‘Filosofía para la felicidad’

No siempre el título de un libro puede darte el título de una columna, pero en este caso cuadra a la perfección. Para muchos Epicuro de Samos –ateniense de origen y que vivió mucho tiempo en Atenas– ha pasado como el filósofo por excelencia maldito en la edad helenística. Cicerón llegó a hablar de los «cerdos de la piara de Epicuro» y sea porque se había creado una leyenda errónea, sea porque los seguidores de Epicuro vivían en pequeñas comunidades apartadas (así debió ser el famoso Jardín ateniense) algunos pensaron que los epicúreos eran salvajemente hedonistas y que vivían entregados a los placeres del vientre y del sexo.

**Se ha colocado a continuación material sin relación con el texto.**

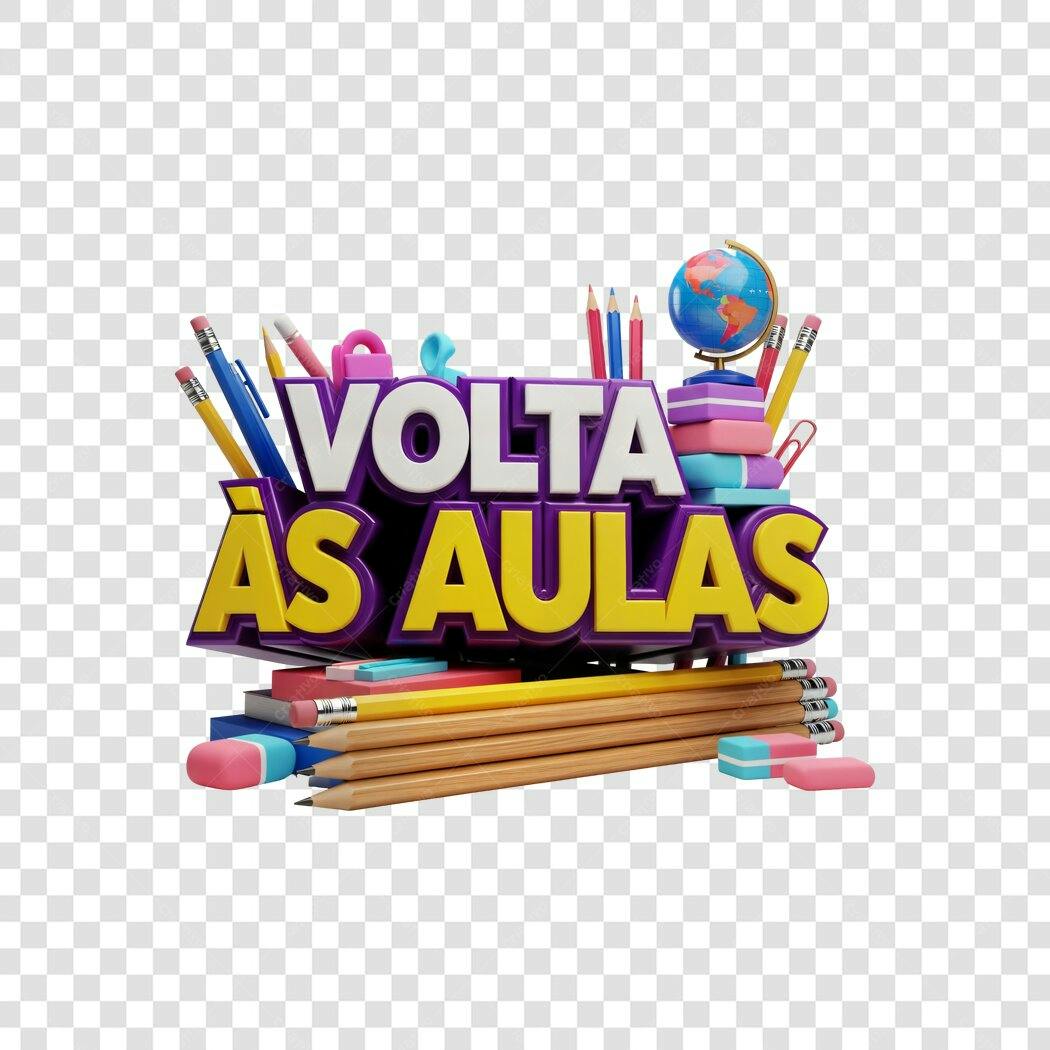 Ilustração 3D Volta às Aulas com material escolar lúdico PNG com fundo transparente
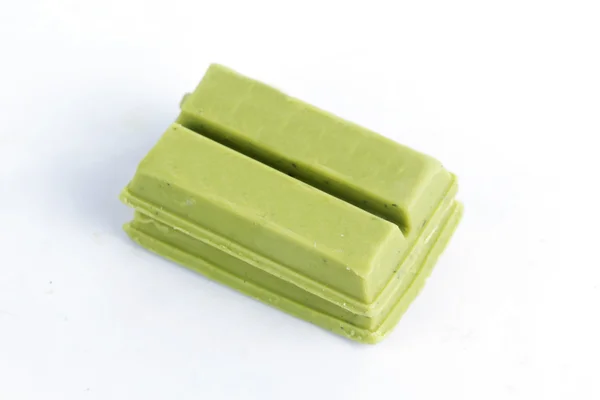 Schokoladenwaffel aus grünem Tee — Stockfoto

Por eso el cristianismo persiguió tanto la obra de Epicuro, que sólo nos han llegado unas cartas y fragmentos dispersos, parte de los cuales puede ahora leer el lector en la traducción de Carlos García Gual.

Epicuro no creía en la metafísica y desdeñaba la muerte, pensaba que la labor fundamental de la filosofía es hacer que el hombre viva feliz, pero piensa en una vida frugal y retirada, ajena a los negocios del mundo y, ello sí, suele emplear la palabra «placer» (para otros con otras connotaciones) como antónima de «dolor». Pero sus consejos son moderados, prudentes y deístas, pues cree que los dioses existen y son magníficos, pero en su beatitud nada se ocupan de los hombres. Por eso le dice a su discípulo Meneceo: «Nada temible hay en el vivir para quien ha comprendido realmente que nada temible hay en el no vivir».

Este útil y bien cuadrado librito, Filosofía para la felicidad, con textos de García Gual, Emilio Lledó (acaso el más hondo) y el francés Pierre Hadot –todos ellos ocupados en la obra del filósofo del Jardín– y editado por Errata Naturae, se convierte con los pocos textos del maestro en una vindicación de Epicuro. ¿Qué de malo hay en buscar sosegadamente el bienestar y la dicha? Epicuro sabía que ello sólo se alcanza con ausencia de temor, y que la amistad leal y el apartamiento ayudan, por eso dice uno de sus fragmentos casi délficos: «Vive oculto».

Como bien dice Lledó, la filosofía de Epicuro es una filosofía «del más acá», de nosotros mismos, y por tanto bien lejos de Platón o de Plotino. A Epicuro le gustaba el placer, pero eso era el bienestar y el razonar sobre la vida. Quería combatir el dolor y el temor a la muerte y a él se debe ese celebrado dicho de no «tener más» sino «ser más». Anhelante de la felicidad en la tierra, gozando con moderación, ¿qué hubo en este hombre (murió en Atenas en el 271 a. C.) para que, desde antiguo lo demonizaran?

Leyendo en la actualidad los restos de Epicuro y lo que de él nos hablan parece, antes bien, un hombre que entiende bien la vida. Alguien, en suma, muy cercano a nosotros. «El más grande fruto de la justicia es la serenidad del alma». Pero tiene razón Lledó cuando apuntaba: «¿Qué encerraban entre sus letras los libros de Epicuro para que muy pronto se convirtieran en una filosofía maldita?» El lector debe jugar su baza.